Подобные жанровые эксперименты трубадуров, как правило, проникнуты тем духом иронии, игры, шутки, который вообще свойствен их поэзии в самой высокой степени. Мы уже встречались с одним из наиболее выраженных проявлений этого духа в веселом поношении Пейре Овернским и Монахом Монтаудонским своих собратьев-трубадуров. Эта традиция продолжена в нашей книге песней-перебранкой Элиаса д’Юсселя с Гаусельмом Файдитом и шутливой тенсоной маркиза Альберта Маласпина с его придворным трубадуром Раймбаутом де Вакейрасом: маркиз насмехается над неудачной любовью поэта, а тот обвиняет его в грабеже на большой дороге, провоцируя этим новые обвинения со стороны маркиза в вымогательстве и слишком больших расходах на содержание трубадуров. Нередко ирония поэта парадоксальным образом обращается на Даму; так, в знаменитой песне о «Составной Даме» Бертран де Борн, попавший у своей возлюбленной в немилость, не найдя другой столь же достойной, создает искусственный образ «синтетической возлюбленной», которой он отныне будет служить, заимствуя для нее лучшие черты у нескольких благородных Дам. В русло несколько иной, антифеминистической традиции вписывается «Песня о злых женщинах» позднего трубадура Сервери де Джироны, содержащая, однако, куртуазную посылку, обращенную к «Даме Сверхдостоинств». Наконец, вместе с образом Дамы характерному «снижению» может подвергаться самая идея любви трубадуров.

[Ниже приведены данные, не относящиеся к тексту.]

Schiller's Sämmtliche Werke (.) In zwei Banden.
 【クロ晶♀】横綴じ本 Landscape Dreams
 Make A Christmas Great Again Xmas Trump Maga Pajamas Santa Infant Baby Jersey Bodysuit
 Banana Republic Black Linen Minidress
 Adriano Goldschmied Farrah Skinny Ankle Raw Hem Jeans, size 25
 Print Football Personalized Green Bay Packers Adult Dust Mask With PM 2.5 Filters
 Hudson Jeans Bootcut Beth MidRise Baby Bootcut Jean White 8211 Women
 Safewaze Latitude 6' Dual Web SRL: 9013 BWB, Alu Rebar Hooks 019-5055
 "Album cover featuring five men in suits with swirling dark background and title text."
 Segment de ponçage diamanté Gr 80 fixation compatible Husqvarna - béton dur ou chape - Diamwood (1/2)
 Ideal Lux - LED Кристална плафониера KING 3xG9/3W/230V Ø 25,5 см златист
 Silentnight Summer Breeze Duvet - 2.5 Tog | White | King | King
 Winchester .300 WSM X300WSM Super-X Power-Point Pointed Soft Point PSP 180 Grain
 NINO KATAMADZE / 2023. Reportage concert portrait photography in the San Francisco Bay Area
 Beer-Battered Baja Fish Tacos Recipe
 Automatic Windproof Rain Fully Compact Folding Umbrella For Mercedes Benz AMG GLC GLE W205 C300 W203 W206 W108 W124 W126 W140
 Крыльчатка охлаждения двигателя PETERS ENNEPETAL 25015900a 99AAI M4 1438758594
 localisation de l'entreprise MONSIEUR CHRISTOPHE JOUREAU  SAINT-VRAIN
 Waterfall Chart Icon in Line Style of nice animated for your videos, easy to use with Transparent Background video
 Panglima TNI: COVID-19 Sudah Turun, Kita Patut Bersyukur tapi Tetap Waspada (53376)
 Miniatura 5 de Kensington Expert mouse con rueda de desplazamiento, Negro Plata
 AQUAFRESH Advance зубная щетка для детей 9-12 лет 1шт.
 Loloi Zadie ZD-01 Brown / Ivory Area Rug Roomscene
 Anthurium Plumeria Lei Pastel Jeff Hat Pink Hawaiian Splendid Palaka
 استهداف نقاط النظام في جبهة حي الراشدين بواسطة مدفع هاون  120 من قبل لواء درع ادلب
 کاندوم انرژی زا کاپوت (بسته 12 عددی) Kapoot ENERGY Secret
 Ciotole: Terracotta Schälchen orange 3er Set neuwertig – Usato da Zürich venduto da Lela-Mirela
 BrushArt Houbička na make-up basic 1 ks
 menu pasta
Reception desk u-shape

В этой связи надо заметить следующее: лирика трубадуров — это высокая поэзия куртуазной любви, составляющей ее суть, ее апофеоз, ее высшее культурное достижение. Но едва ли не с самого момента появления этой поэзии в ней зарождается параллельная струя, в которой господствует кощунственная профанация идеи подобной любви, торжествуют всевозможные игровые мотивы, «снижающие» ее. Таковы в нашей книге иронические «советы влюбленным» Раймбаута Оранского, рекомендующего добиваться любви Дам ударами «кулака по зубам» или вызывая их ревность приглашением в свой дом «тех, чей всем известен позор», или же обсуждение Пейре Гильемом в его тенсоне с Сорделем пикантных деталей его отношений с некоей графиней. Непонимание настоящего значения подобных мотивов долгое время вызывало обвинения трубадуров в цинизме, лицемерии и некотором нездоровом сенсуализме. Истинный их смысл не может быть понят, однако, без обращения к более широкому контексту средневековой культуры.